The first thing you’ll notice is that these wards cluster around Center City. As such, they tend to be wealthier and whiter than the city as a whole; the same demographics that have seen a generalized surge in turnout since 2016. That makes the causality here difficult to measure: does the openness of a ward increase turnout, or did these wards become open thanks to local political engagement, and turnout there would have increased regardless?

There’s another complication in answering the question: how should we define turnout? I don’t love the usual measure, votes cast divided by registered voters; that number will be alarmingly low because of inactive voters still on the rolls, and the denominator moves for all sorts of reasons, including slow cleaning of the voter rolls or registration drives (I’ve called this the Turnout Funnel). And wards might have very different populations with different propensities to vote, or even be eligible to vote, which we want to control for.
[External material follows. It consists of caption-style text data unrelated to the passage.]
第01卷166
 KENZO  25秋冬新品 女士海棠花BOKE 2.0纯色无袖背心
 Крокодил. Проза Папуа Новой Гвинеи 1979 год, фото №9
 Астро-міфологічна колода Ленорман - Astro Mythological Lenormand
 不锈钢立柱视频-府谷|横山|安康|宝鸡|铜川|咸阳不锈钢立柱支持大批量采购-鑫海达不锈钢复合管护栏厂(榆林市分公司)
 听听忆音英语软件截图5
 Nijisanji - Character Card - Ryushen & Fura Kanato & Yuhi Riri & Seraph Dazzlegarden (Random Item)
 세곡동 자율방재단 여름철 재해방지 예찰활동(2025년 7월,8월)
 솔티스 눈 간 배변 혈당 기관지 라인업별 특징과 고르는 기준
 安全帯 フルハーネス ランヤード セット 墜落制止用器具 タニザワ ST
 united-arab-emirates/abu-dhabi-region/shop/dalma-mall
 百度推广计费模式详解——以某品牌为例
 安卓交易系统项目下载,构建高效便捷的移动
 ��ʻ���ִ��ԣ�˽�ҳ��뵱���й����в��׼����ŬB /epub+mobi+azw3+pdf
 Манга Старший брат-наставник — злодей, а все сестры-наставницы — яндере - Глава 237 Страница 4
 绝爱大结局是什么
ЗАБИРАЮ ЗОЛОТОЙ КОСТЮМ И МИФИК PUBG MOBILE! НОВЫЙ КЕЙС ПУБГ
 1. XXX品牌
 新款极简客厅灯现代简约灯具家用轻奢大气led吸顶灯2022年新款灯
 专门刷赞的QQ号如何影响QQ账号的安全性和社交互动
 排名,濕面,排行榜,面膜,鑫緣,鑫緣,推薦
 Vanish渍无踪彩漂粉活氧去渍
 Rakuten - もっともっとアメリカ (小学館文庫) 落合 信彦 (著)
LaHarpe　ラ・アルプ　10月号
I’ll use my favorite metric: turnout in an off-year election as a percentage of Presidential turnout. Off-year turnout is more malleable to local GOTV efforts: there’s more need just to remind people when Election Day is, and people get less communication about the election from other channels. A division’s Presidential turnout gives a ceiling on plausible off-year turnout. In this case, I’ll measure turnout in November 2022 divided by turnout in November 2020.

View code
df_major <- readRDS("../../data/processed_data/df_major_20230116.Rds")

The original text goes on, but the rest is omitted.